Surgical
Concepts
A tibia-cut-first approach similar to the successful Total
Condylar procedure was chosen to provide a logical, time-tested
method of establishing a stable, reproducible flexion gap
which can then be easily balanced by an equal and stable extension-gap.
This provides total knee stability throughout the range of
active and passive motion. Such stability maintains contact
pressure on mobile bearings and prevents subluxations or dislocations.

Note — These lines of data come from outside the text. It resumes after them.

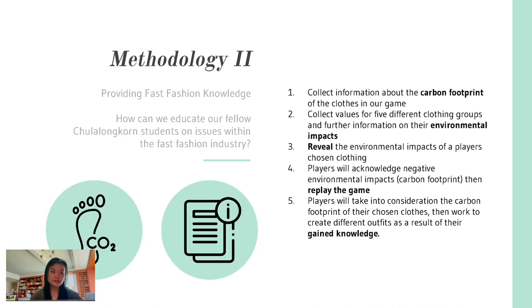For the second part of our methodology, we wanted to provide players with more knowledge on fast fashion. We first collected information about the carbon footprint of the different clothes in our game, repeating this process across the five different clothing groups so we could compare how much waste different fashion groups produced. We then conducted the actual game with players, and after one round, revealed the carbon footprint of their chosen clothing, giving players deeper knowledge about different types of fashion and their sustainability impact.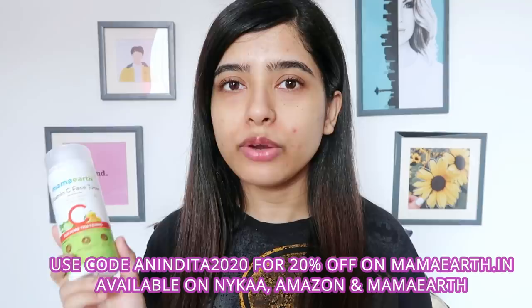This is fantastic for oily skin because it's not sticky — it gives you hydration without drying out your skin. Mamaearth products don't have harmful ingredients; they are a PETA-certified cruelty-free and plastic-positive brand. This retails for 399 rupees, but you can use my code anindita2020 for 20% off on mamaearth.in — my code only works on their website, though it's also available on Nykaa and Amazon.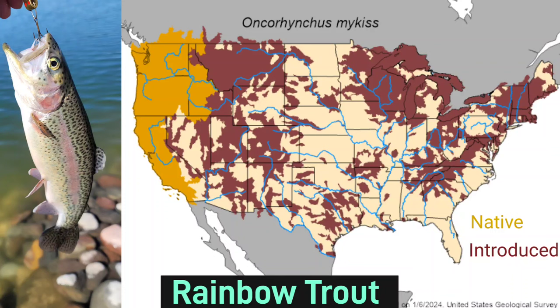Next we have rainbow trout. Because there are so many trout species, I decided I'll probably do an entire video just on the trout ranges if people are interested. As for this video, we'll just deal with the rainbow trout range. One important thing to note is that the rainbow trout range technically extends a lot further north than is shown here — however, this includes the steelhead trout, which is a rainbow trout that lives in saltwater. So the range shown on this map is just the freshwater rainbow trout.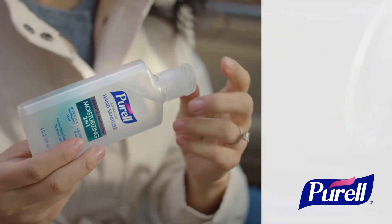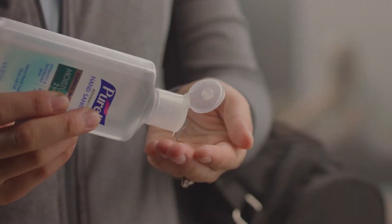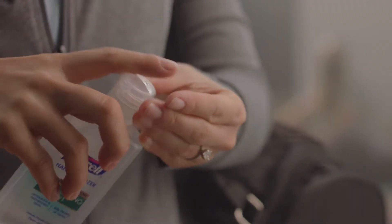What if the most trusted name in hand sanitizer could also improve your skin's hydration? Purell 2-in-1 Moisturizing Advanced Sanitizer does just that.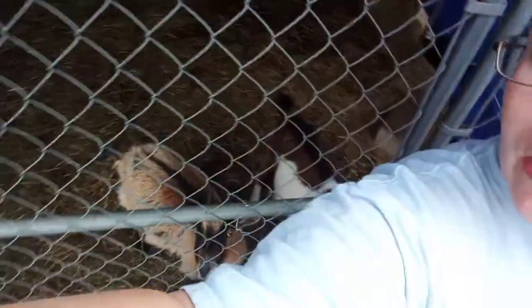Hey guys, I just want to do a quick video. I am standing here with the goats — they are still very much pregnant. I realized yesterday that they both had lice: goat lice and chicken lice.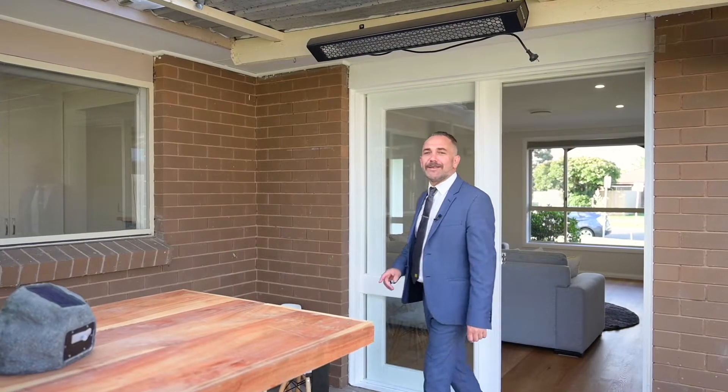Well, that's been 35 Torella Drive, Keilor Downs. I hope I've been able to do it justice, otherwise you might just have to come and have a look for yourself. We're definitely open for private inspections. My name's Jay Doyle from Ray White — come and take a look.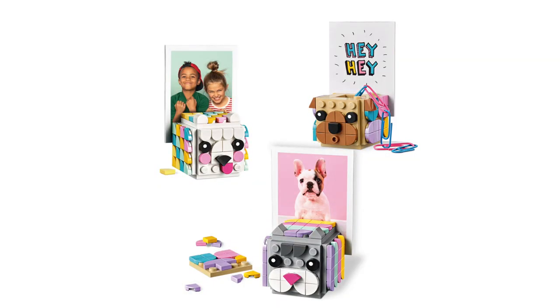Moving on to dots. Now dots are definitely marketed more towards girls, but I think that's just ridiculous — who wouldn't want to be able to build their puppy into dots form? That is the coolest thing ever. The dot set number 41940, the animal picture holders, comes with three different picture holders and you can make your animal into it. It is so adorable. You can make a cat, dog, raccoon, whatever you want. They are so cute and would make the perfect stocking stuffer, especially for only $15.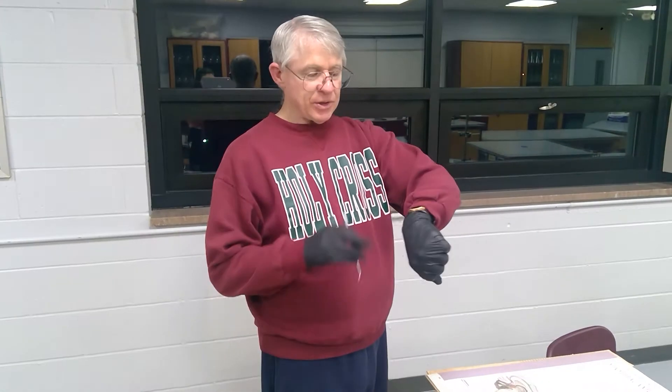Hello, this is Mr. Reynolds and we are in the biology lab right now and we are going to dissect an eye because an eye is cool.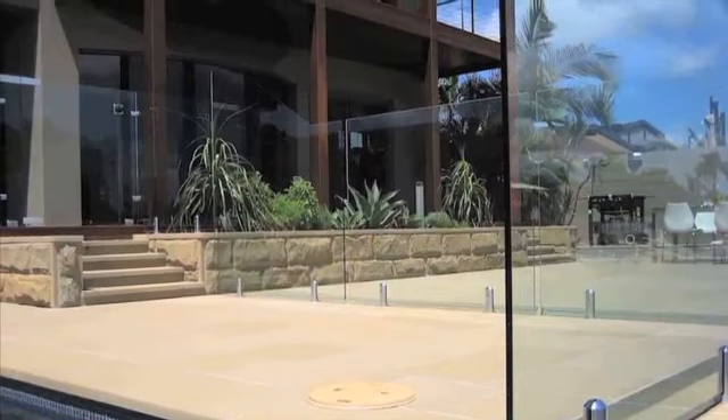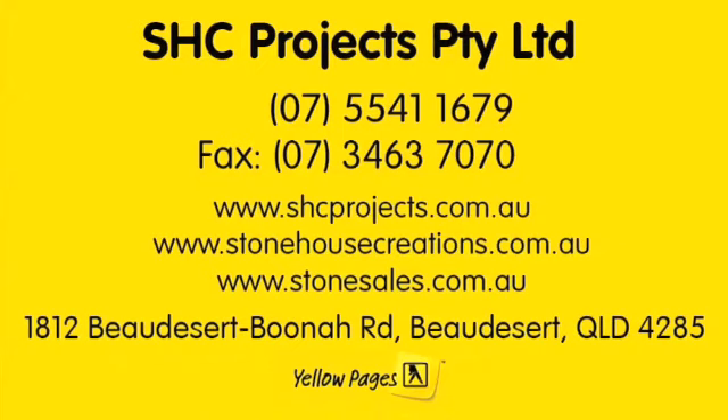SHC Projects are the experts in stone design and carving, cladding, tiling and paving, plus rock and retaining walls, fireplaces and restorations. SHC Projects — synergies in stone.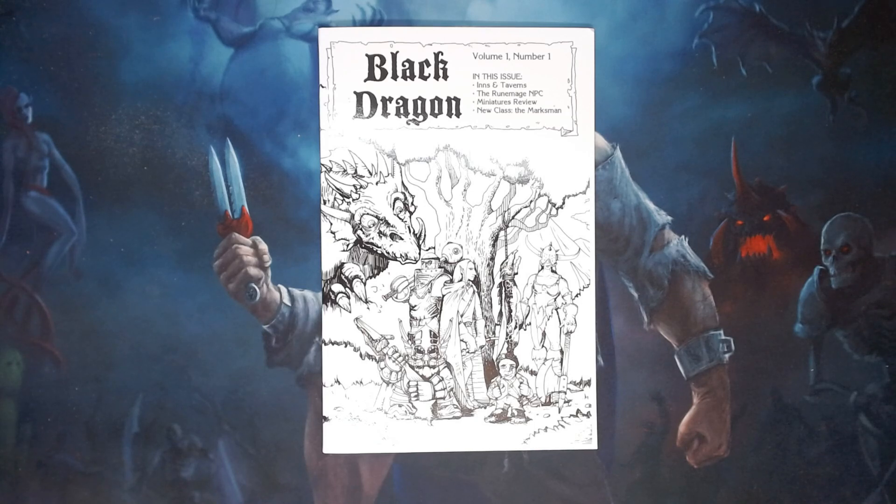Hello and welcome to Hammer and Dice. Today we'll be looking at Black Dragon, Volume 1, Number 1, writing, editing and design by Bill Edmunds with additional artwork by Michael Tenebrae.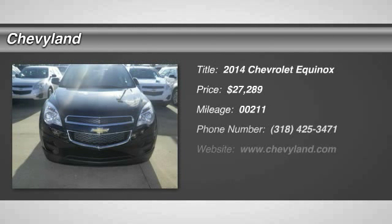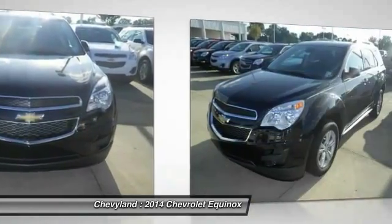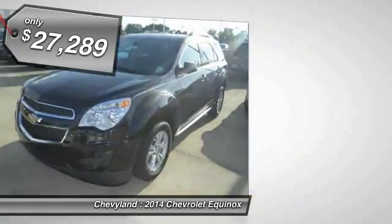The 2014 Chevy Equinox. Fuel efficiency, safety, and value equals the Chevy Equinox. And it's priced below $30,000.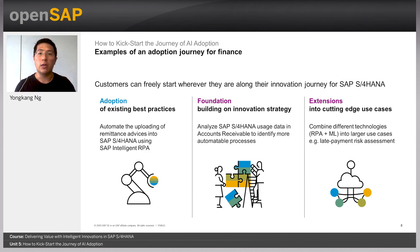For customers who have already adopted best practices or have a strong innovation strategy as a foundation, they can go even further by extending into cutting-edge use cases. With the different technologies described earlier, the greatest value is realized when you begin to combine these technologies together into larger use cases — such as late payment risk assessment, which combines RPA and machine learning. The Business Innovation Framework for SAP S4HANA is designed with exactly this flexibility in mind to support customers on whichever step they are along their innovation journey.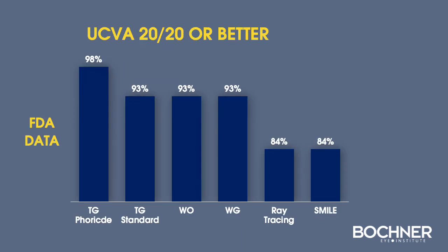Clinical trial data on uncorrected vision of 20/20 or better from the FDA and other sources have shown significant advantages of customized ablation with LASIK versus SMILE. The highest recorded results were topography-guided LASIK at 98% achieving 20/20 or better, compared to SMILE at 84%.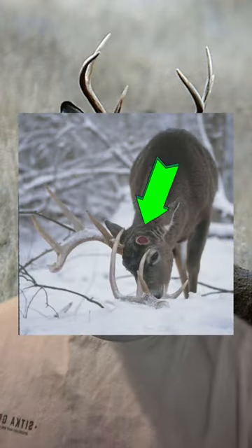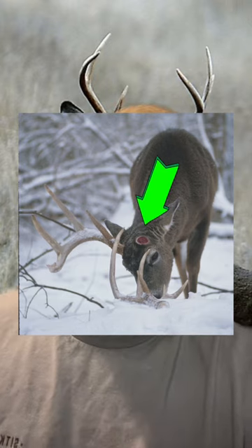But with that being said, the antlers grow from the pedicle, which is located on the frontal bone of the skull. And the skin or tissue on top of the pedicle actually reacts with hormones, which causes the antler to grow.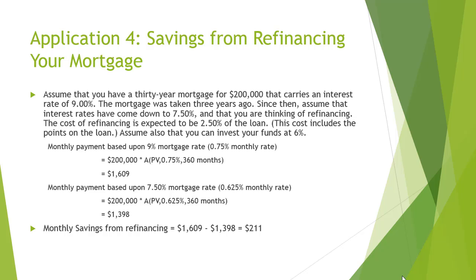Assume also that you can invest your funds at 6%. A monthly payment based upon a 9% mortgage rate — a 0.75% monthly rate — would be $1,609, while a monthly payment based upon a 7.50% mortgage rate — a 0.625% monthly rate — would be $1,398. You can see how this scenario results in a savings of $211.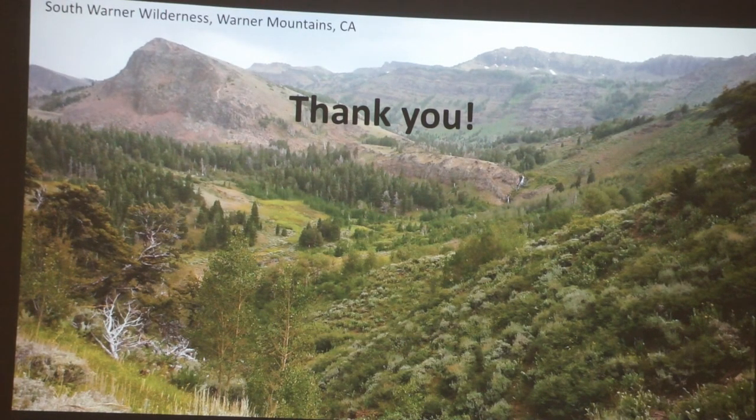That's about all I had, but I know you'll probably have questions, and I could spend a lot more time talking about any of these topics. I definitely want to thank you very much for coming.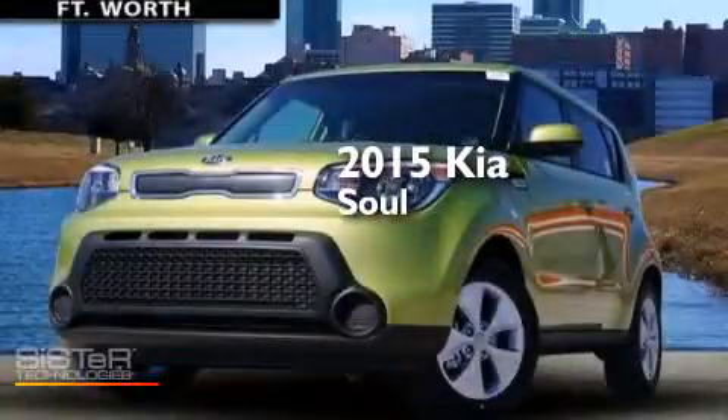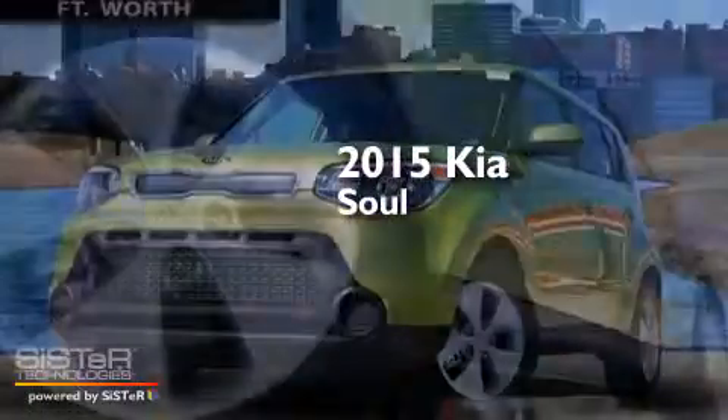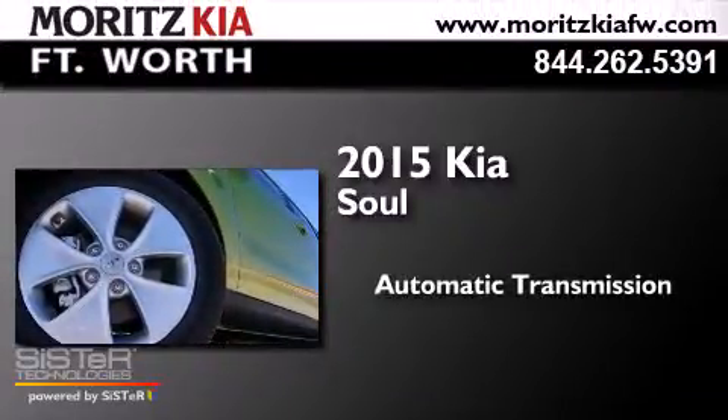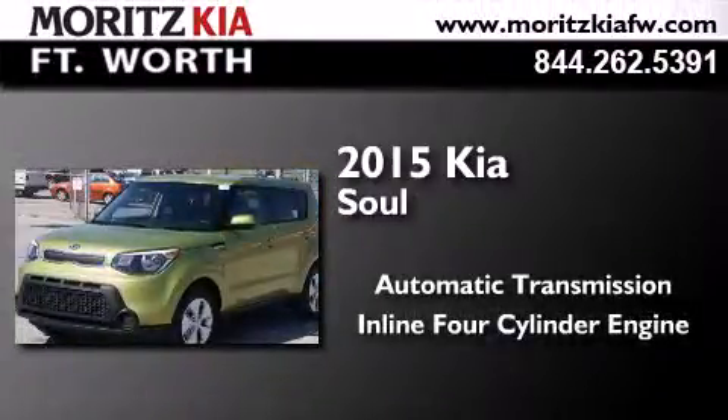This is a brand new 2015 Kia Soul. This hatchback has an automatic transmission and an inline four-cylinder engine.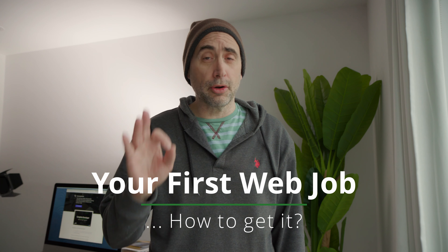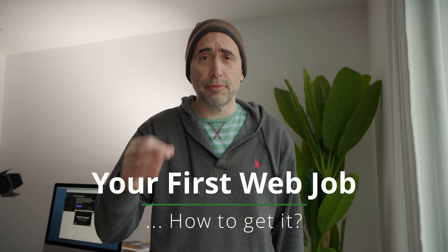Hey guys, welcome to the video. So a question I get all the time: how do you get your first web designer or web developer job? What are the steps? In this video, I'm going to give you a quick overview of what you need to do.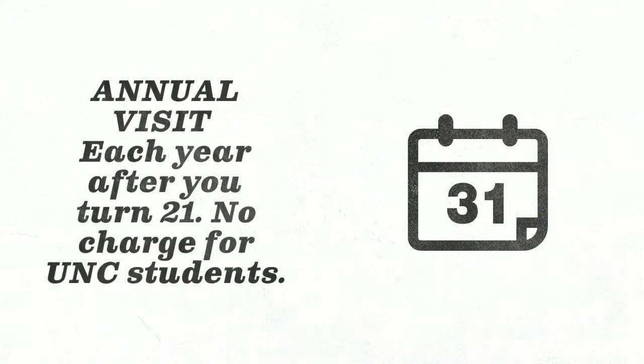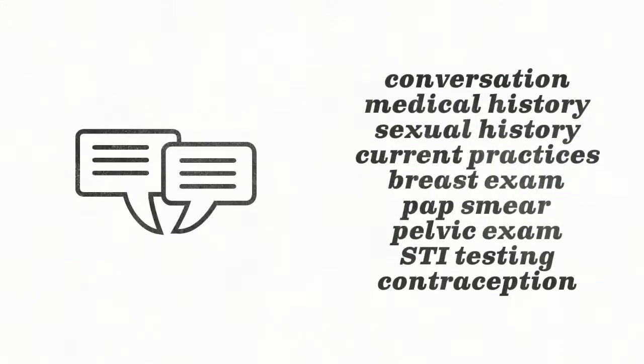The most typical reason people visit Women's Health is for an annual wellness visit, also known as a well-woman's visit or annual exam. These visits should happen each year after you turn 21 and are provided at no charge to UNC students eligible for care at Campus Health Services. An annual visit helps your provider know about your current health concerns and prevents any future health needs. This visit usually includes a conversation about your medical history, sexual history, and current practices, and if indicated, can include a breast exam, pap smear, STI testing, or pelvic exam. Annual visits are recommended for people of all gender identities and sexual orientations.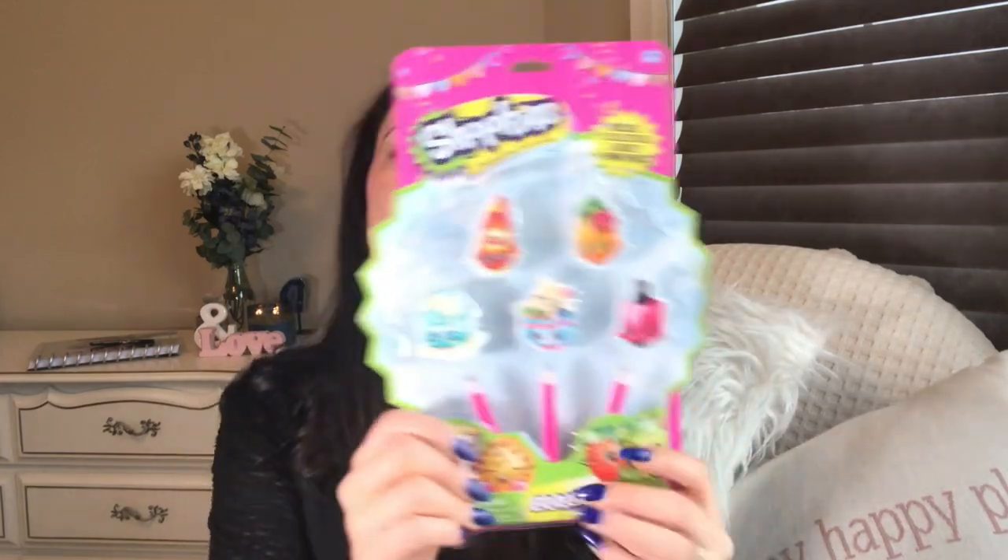I had to buy this little pencil pouch because even if my daughter doesn't use it I can swipe it from her. There's a little unicorn, a little panda, a little donut — just so stinking cute. They are really thin so you can probably only fit a few pens and pencils, but it's perfect for traveling when you have your agenda, or even a few colored pencils for coloring on an airplane.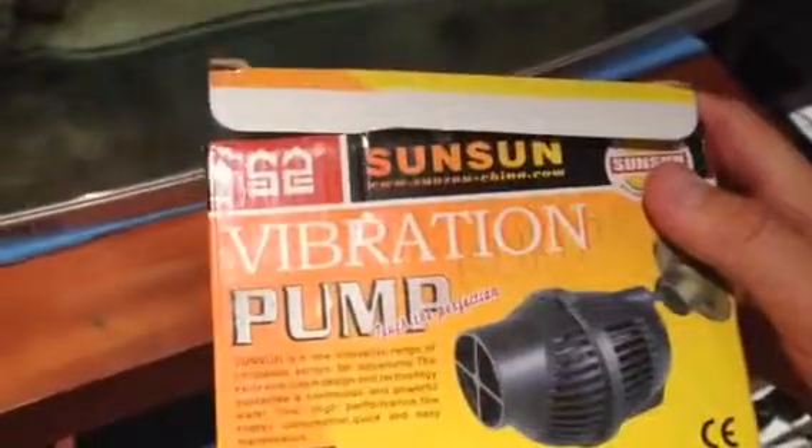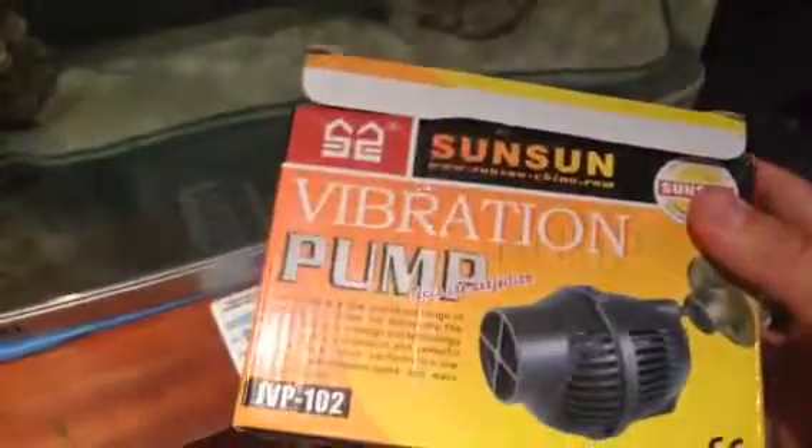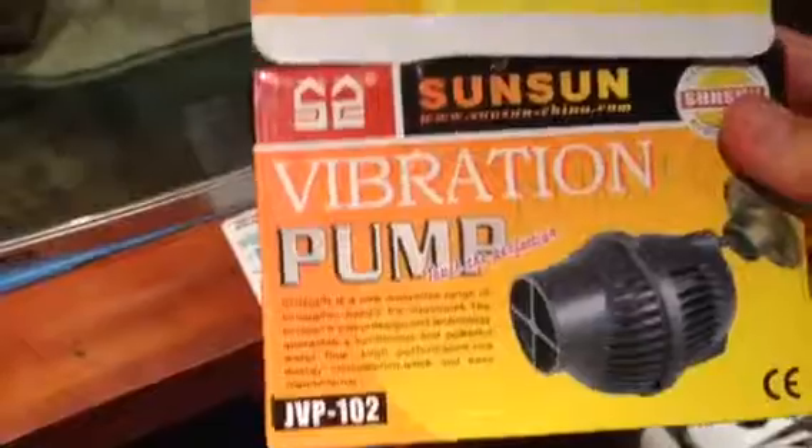I've added a couple of things to the tank. I got myself a new wave maker. Got it ridiculously cheap — picked it up at my LFS. It's just a cheap Sun Sun, but it's a very good pump. It was 60 bucks but I got it for 25, so I thought that was a bit of a steal. It's 5,000 litres an hour apparently, so it definitely pumps the water around, which is quite cool.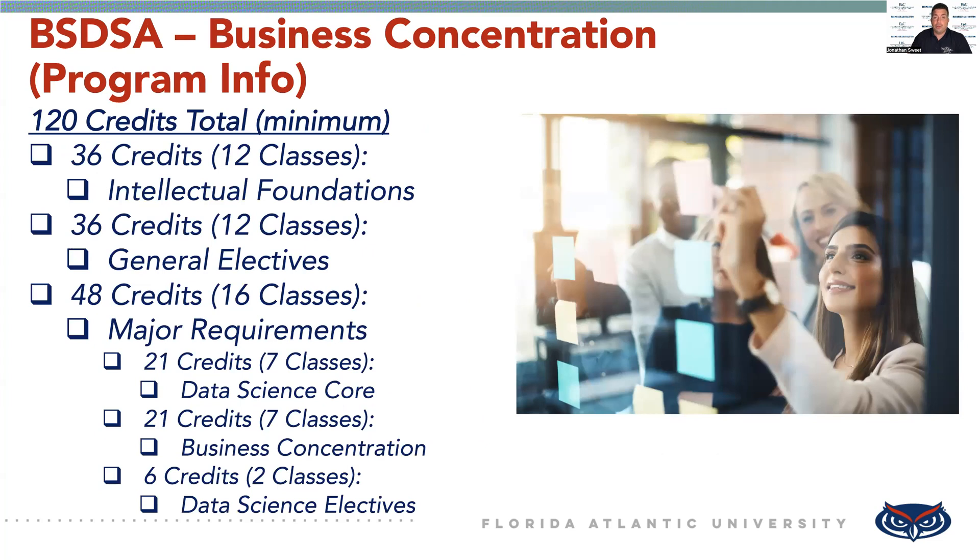As for the actual program, it's a 120-credit program, and those 120 credits are broken down into different categories. The first is your intellectual foundation courses — that's 12 classes. You'll have general elective courses, that makes up another 12 classes. Then your major required courses, that's 16 classes. Within the major, those 16 classes break down into the Data Science core, which is seven classes; your business concentration courses, another seven classes; and your Data Science electives, two classes — for a total of 16 classes. You would complete a minimum of 120 credits in order to graduate.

This surgical technique can be used for either cemented or
cementless application of the implants, since the resection
surfaces are designed for press-fit stability of all components.
Primary femoral
bone cuts preserve a maximum of bone stock using the anterior
femoral shaft, epicondyles and center of the femoral canal
for surgical reference points. Slight external rotation of
the femoral component allows for a perpendicular resection
of the proximal tibia in the medial-lateral plane, while providing
equal medial and lateral compartment tension in flexion, as
well as providing a more stable tracking position for the
patella.
Posterior inclination
of the proximal tibial cut, parallel to the anatomical inclination
angle during this procedure, provides compressive loading
of tibial components and avoids the shearing effects associated
with perpendicular lateral plane resections.
Resection of the
patellar articulating surface at the level of the quadriceps
and patella tendons, respectively, allows sufficient bone
stock and blood supply to implant a three peg fixturing element,
which stabilizes the rotating-bearing patella replacement.
The use of mobile
bearing elements in the Buechel-Pappas Tricompartmental System,
combined with the precise use of instruments for insertion
provides the surgeon with superior alignment and placement
of all components with bearing elements designed for maximum
wear resistance without mechanical restrictions to movement.
These implants have been in clinical use in their present
articulating geometry for more than 25 years.